ATI Radeon 9800 Pro Mac Special Edition

Ich habe ihn: Den leistungsfähigsten Spiele-Mac in Deutschland. Zumindest zum Zeitpunkt dieses Tests, zumindest nämlich bis die neuen G5 mit bis zu 2 x 2,5 GHz lieferbar sind. ATI stellte uns freundlicherweise eine Radeon 9800 Pro Mac Special Edition zum Test zur Verfügung, und die werkelt nun in meinem 2 GHz-Dual-G5.

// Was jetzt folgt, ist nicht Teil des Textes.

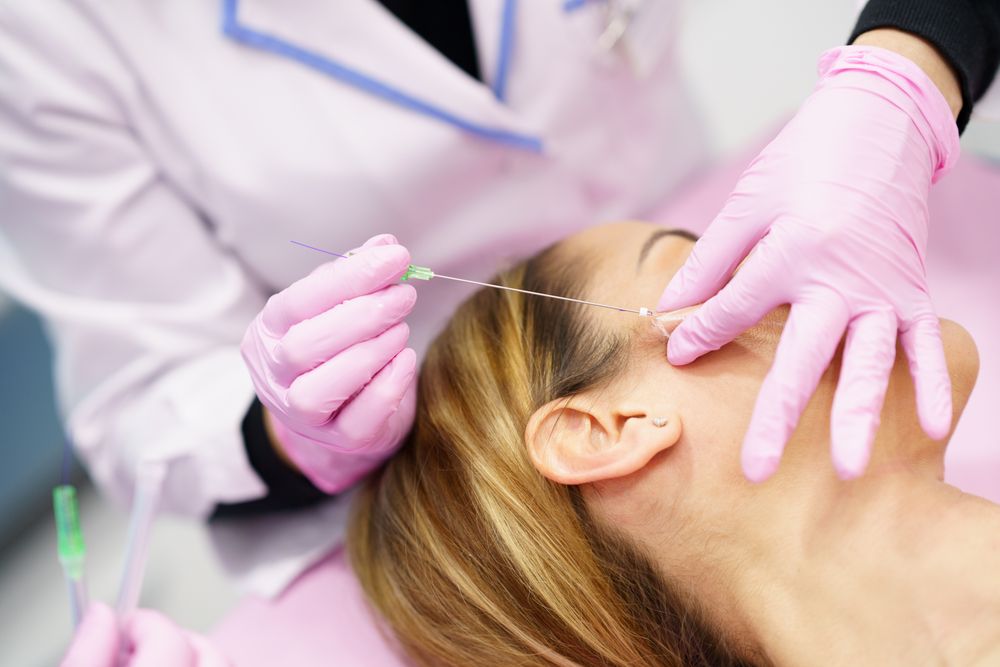 Woman having filler inserted into cheek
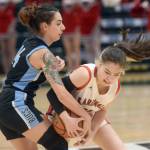 Kenai Central's Malerie Nunn fights for the ball against Valdez defender Kylie Gilbert during the Class 3A girls basketball fourth-place semifinals at the Alaska Airlines Center in Anchorage, Alaska, on Thursday, March 24, 2022. (Camille Botello/Peninsula Clarion)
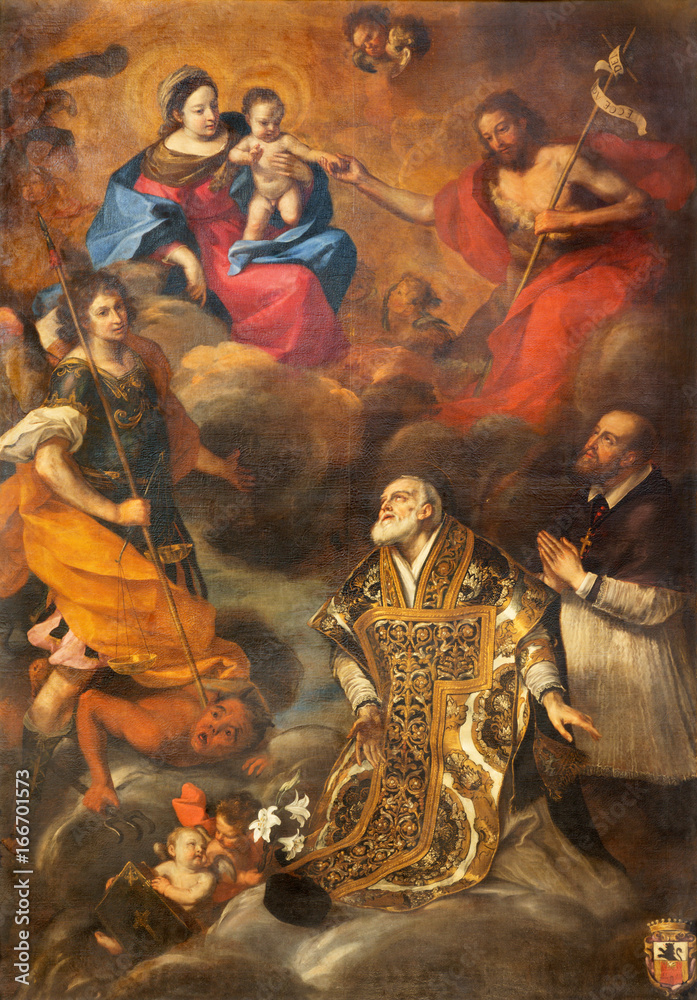 TURIN, ITALY - MARCH 13, 2017:  The painting of Madonna and Jesus, with the st. Philip Neri and archangel Michael in Duomo by Caravoglia da Crescentino (1620 - 1691).
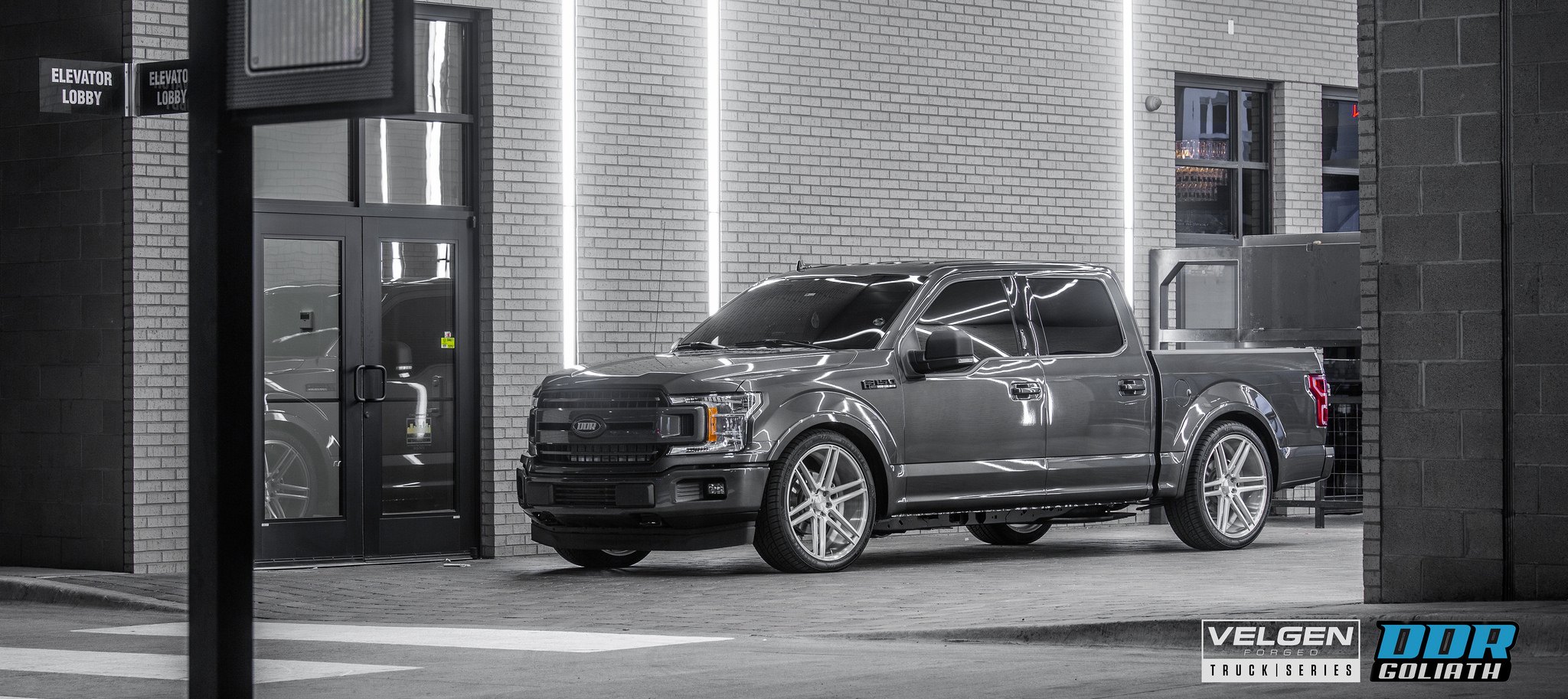 Gray Ford F-150 with Custom Projector Headlights - Photo by Velgen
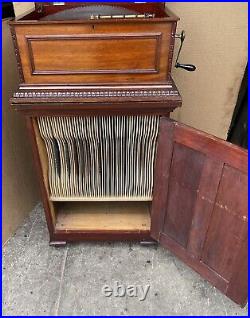 15 1/2 Regina Mahogany Double Comb Disc Music Box With Disc Cabinet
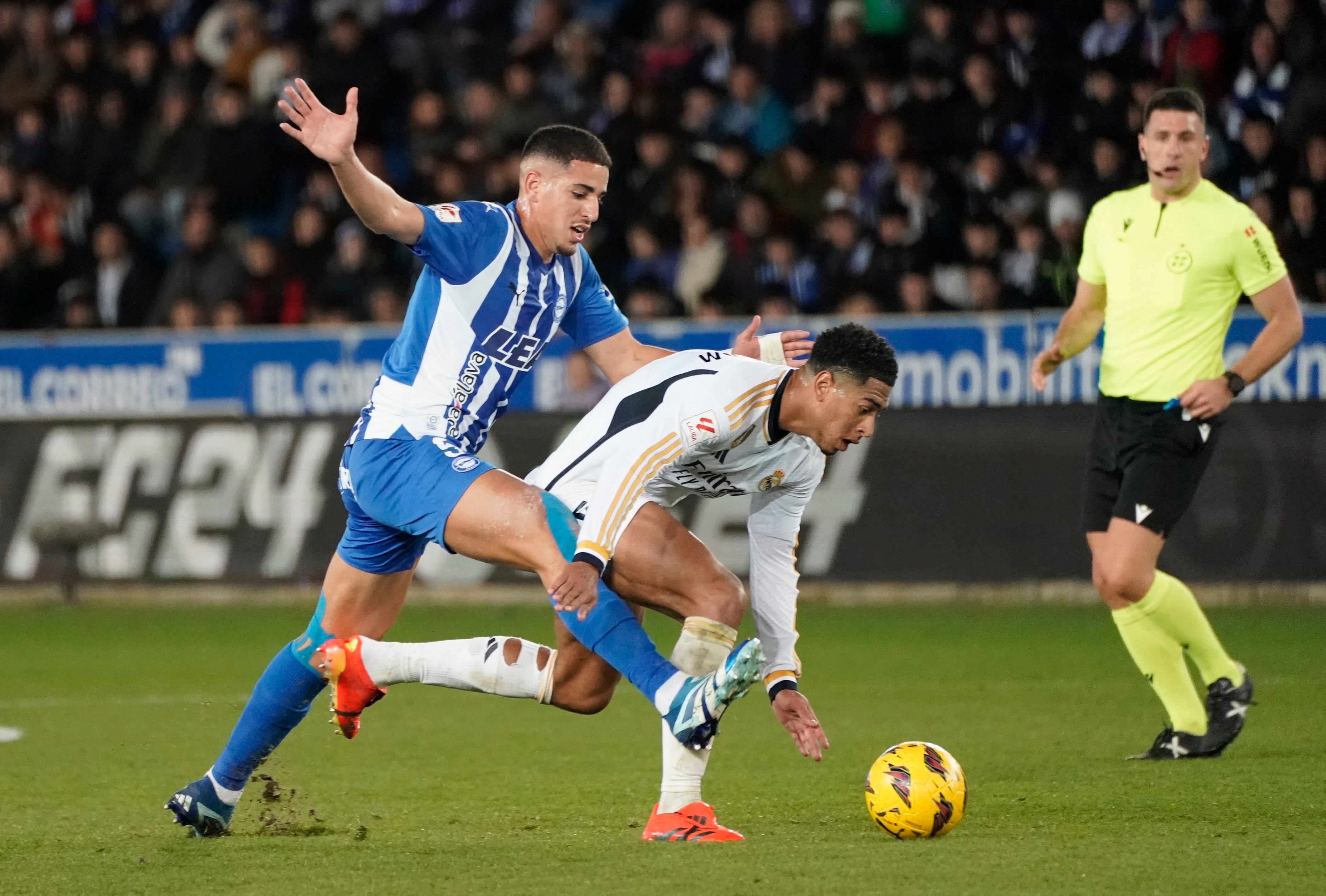 Abdelkabir Abqar lucha con el centrocampista británico del Real Madrid Jude Bellingham durante el encuentro de la jornada 18 de LaLiga entre el Deportivo Alavés y el Real Madrid en el Estadio de Mendizorroza, en Vitoria. EFE/L. Rico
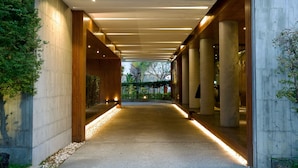 A corridor with concrete walls, wooden beams, and a tiled floor. - H Villa (Tainan)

Unterschiede 9600 Pro, 9800 Pro und 9800 Pro Special Edition

Mein G5 kam von Haus aus mit einer Radeon 9600 Pro mit 64 MB Videospeicher. Diese Karte nutzt den RV350-Chip mit vier Rendering-Pipelines, daran ist der Speicher über ein 128 Bit-Speicherinterface angeschlossen. Ihr großer Bruder, die Radeon 9800 Pro, basiert auf dem R350 mit acht Rendering-Pipelines, deren Speicher über ein 256 Bit-Speicherinterface angeschlossen ist. Die 9800 Pro Special Edition wiederum nutzt ebenfalls den R350 mit acht Rendering-Pipelines, hat aber ein anderes PCB. PCB steht für „Printed Circuit Board“ und bezeichnet die Platine (Steckkarte) an sich, auf der die Speicherchips, der Grafikchip und die anderen Bauteile der Grafikkarte aufgebracht sind.

Im PC-Markt gibt es auch eine Radeon 9800 SE (ohne Pro), die allerdings niedriger als die Pro-Version getaktet ist. Da besteht einige Verwechslungsgefahr, denn im fast unüberschaubaren Dschungel an Windows-kompatibler Grafik-Hardware gibt es noch mehr so kryptische Abkürzungen. So hat NVIDIA XT-Modelle im Angebot, die sind aber ebenfalls langsamer getaktet als die normalen Versionen. Die ganzen Abkürzungen, die uns Wunder was vorgaukeln sollen, sind also mit einiger Vorsicht zu genießen.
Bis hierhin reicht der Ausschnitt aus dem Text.